# What Was the FIRST Cinema Movie You watched?



## robertson (Oct 15, 2009)

I remember my mom took me to watch "Chicken Run" when I was about..6?

What was yours?


----------



## Isa (Oct 15, 2009)

Hmm I really do not remember, I remember going to the movies with my parents and my sister to watch Ghostbusters 2 , I do not know if it was the first one though.


----------



## Kymiie (Oct 15, 2009)

My nannah and grandad took me to see HARRY POTTER & THE PHELOSOPHERS STONE

brilliant xx


----------



## ZombieTurtle (Oct 15, 2009)

The first one I can remember is Who Framed Roger Rabbit, lol, I remember being scared of the when the band guy started to change...


-Matt


----------



## stells (Oct 15, 2009)

It was Bambi... it was a re-run at the cinema... my Dad decided it was a good idea to take me... my brother and my sister to see this classic.... that was until me and my sister both started sobbing lol


----------



## Yvonne G (Oct 15, 2009)

John Wayne's "Stagecoach." (Its a joke, folks...that was John Wayne's first movie.

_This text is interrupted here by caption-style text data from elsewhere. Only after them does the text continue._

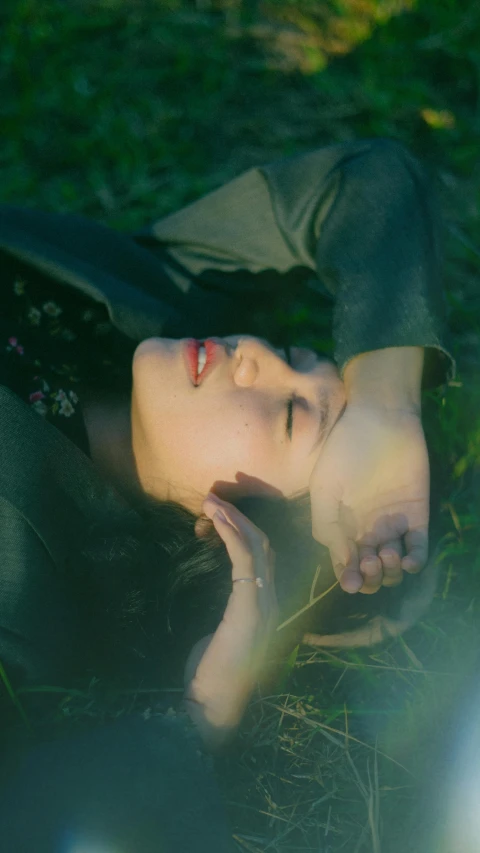 woman laying on the grass on her side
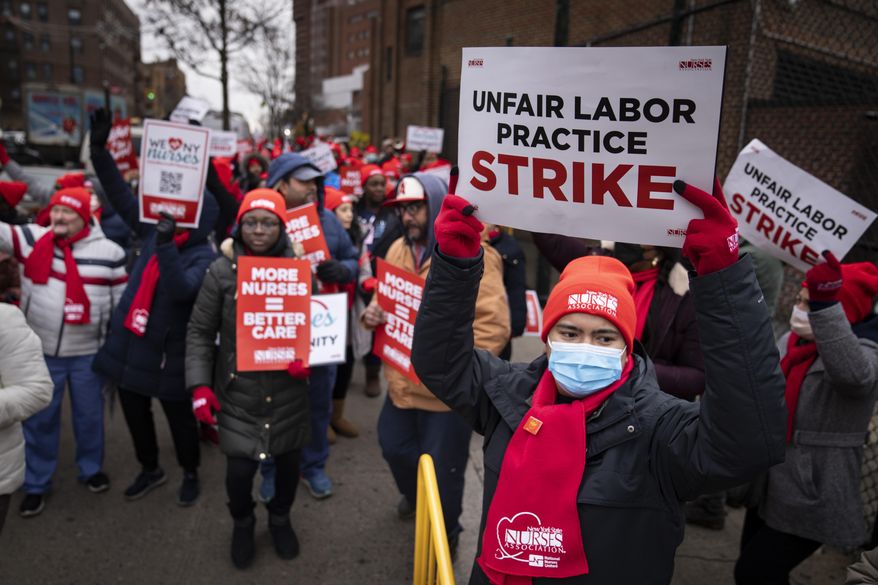 Protestors march on the streets around Montefiore Medical Center during a nursing strike, Wednesday, Jan. 11, 2023, in the Bronx borough of New York. (AP Photo/John Minchillo)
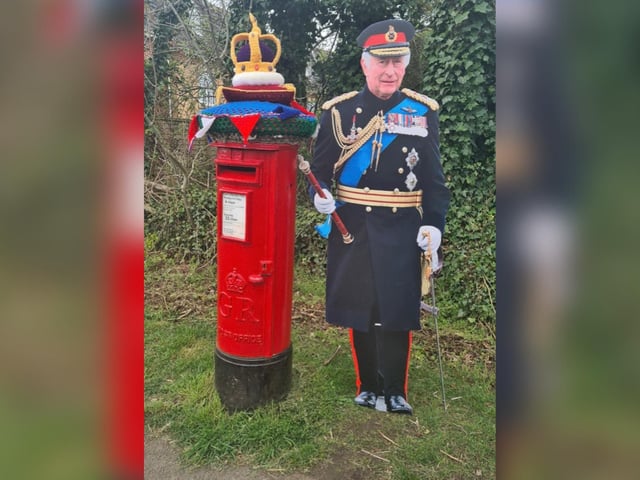 King Charles III next to a post box in Higham Ferrers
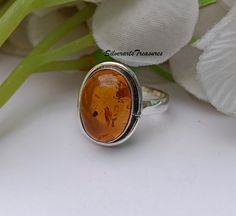 Natural Amber Ring, Amber Gemstone Ring, Beautiful Amber Ring, Amber Stone Jewelry, November Birthstone Ring, 925 Silver Ring, Stylish Ring Amber Stone Benefits Amber helps to balance the emotions, clear the mind and release negative energy. It aids manifestation, eases stress by clearing phobias and fears, and it's a lovely warm stone to wear Yellow amber has been used traditionally by natural healers to improve memory, increase mental flexibility and create balanced decision-making. Amber has Amber Sterling Silver Jewelry For Anniversary, Sterling Silver Cabochon Wedding Rings, Sterling Silver Amber Birthstone Rings, Amber Birthstone Rings For Anniversary, Classic Amber Jewelry For Wedding, Amber Cabochon Ring For Anniversary, Amber Sterling Silver Rings For Anniversary, Amber Jewelry With Polished Finish For Anniversary, Amber Sterling Silver Jewelry For Promise Ring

Might have even been a silent film, but before my time!!)

YVonne


----------



## zekie (Oct 15, 2009)

i think mine was james bond i dont know which one.. watched it with my dad..


----------



## Shelly (Oct 15, 2009)

HELP! with the Beatles.


----------



## Redfoot NERD (Oct 15, 2009)

emysemys said:


> John Wayne's "Stagecoach." (Its a joke, folks...that was John Wayne's first movie. Might have even been a silent film, but before my time!!)
> 
> YVonne



Did they have electricity when you were a kid Yvonne..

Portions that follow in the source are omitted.